What you have to do :: Some of the lines below need repeating. Reproduce exactly those between the lines holding "JR-S118 Type-C USB" and "米軍　アメリカ軍　自衛隊　警", inclusive.

Data to process ::
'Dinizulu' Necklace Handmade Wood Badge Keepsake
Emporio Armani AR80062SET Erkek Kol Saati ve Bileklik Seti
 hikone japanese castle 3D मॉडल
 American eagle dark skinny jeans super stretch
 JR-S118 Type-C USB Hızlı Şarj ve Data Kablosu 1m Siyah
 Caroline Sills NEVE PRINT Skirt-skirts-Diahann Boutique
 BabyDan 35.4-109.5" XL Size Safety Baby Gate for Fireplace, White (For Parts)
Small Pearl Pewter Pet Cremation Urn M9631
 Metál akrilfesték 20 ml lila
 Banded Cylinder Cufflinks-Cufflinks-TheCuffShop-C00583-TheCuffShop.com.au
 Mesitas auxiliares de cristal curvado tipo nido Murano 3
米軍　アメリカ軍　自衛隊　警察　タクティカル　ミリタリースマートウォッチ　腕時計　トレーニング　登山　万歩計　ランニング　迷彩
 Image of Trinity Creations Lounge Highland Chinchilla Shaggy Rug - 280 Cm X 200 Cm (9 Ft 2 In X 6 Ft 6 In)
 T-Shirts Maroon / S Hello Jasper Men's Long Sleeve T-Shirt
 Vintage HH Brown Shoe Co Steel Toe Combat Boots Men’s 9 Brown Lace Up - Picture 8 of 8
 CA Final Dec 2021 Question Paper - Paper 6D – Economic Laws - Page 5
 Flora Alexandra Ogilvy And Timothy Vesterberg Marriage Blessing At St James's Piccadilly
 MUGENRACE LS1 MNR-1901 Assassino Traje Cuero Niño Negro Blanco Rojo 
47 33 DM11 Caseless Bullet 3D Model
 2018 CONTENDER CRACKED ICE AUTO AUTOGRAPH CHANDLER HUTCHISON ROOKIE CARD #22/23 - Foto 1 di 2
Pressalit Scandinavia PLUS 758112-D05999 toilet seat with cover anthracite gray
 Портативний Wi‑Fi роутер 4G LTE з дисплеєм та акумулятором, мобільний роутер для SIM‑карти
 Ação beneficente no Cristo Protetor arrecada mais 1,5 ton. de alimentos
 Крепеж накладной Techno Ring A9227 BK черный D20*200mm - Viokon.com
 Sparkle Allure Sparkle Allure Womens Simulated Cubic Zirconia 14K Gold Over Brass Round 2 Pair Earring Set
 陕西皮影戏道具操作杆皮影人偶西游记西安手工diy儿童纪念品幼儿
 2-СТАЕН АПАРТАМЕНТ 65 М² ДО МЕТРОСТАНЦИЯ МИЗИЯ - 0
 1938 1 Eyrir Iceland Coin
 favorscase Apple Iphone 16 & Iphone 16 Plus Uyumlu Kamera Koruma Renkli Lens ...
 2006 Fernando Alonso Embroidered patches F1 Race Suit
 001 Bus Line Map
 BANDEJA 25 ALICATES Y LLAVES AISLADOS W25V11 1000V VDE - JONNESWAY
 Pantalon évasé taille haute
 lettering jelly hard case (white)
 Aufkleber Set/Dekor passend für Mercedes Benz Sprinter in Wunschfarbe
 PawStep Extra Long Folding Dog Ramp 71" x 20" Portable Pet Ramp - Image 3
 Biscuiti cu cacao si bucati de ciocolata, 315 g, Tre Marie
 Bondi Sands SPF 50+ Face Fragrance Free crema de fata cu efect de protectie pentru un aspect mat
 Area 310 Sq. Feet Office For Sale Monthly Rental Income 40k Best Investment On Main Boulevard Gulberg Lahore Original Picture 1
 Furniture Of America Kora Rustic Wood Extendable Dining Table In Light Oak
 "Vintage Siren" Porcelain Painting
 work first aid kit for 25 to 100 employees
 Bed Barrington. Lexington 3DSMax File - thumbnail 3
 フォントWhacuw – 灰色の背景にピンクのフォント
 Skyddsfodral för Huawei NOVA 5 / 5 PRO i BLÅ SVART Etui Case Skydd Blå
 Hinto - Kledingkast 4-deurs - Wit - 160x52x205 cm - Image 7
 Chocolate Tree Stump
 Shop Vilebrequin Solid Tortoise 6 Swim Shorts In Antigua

Task solution ::
 JR-S118 Type-C USB Hızlı Şarj ve Data Kablosu 1m Siyah
 Caroline Sills NEVE PRINT Skirt-skirts-Diahann Boutique
 BabyDan 35.4-109.5" XL Size Safety Baby Gate for Fireplace, White (For Parts)
Small Pearl Pewter Pet Cremation Urn M9631
 Metál akrilfesték 20 ml lila
 Banded Cylinder Cufflinks-Cufflinks-TheCuffShop-C00583-TheCuffShop.com.au
 Mesitas auxiliares de cristal curvado tipo nido Murano 3
米軍　アメリカ軍　自衛隊　警察　タクティカル　ミリタリースマートウォッチ　腕時計　トレーニング　登山　万歩計　ランニング　迷彩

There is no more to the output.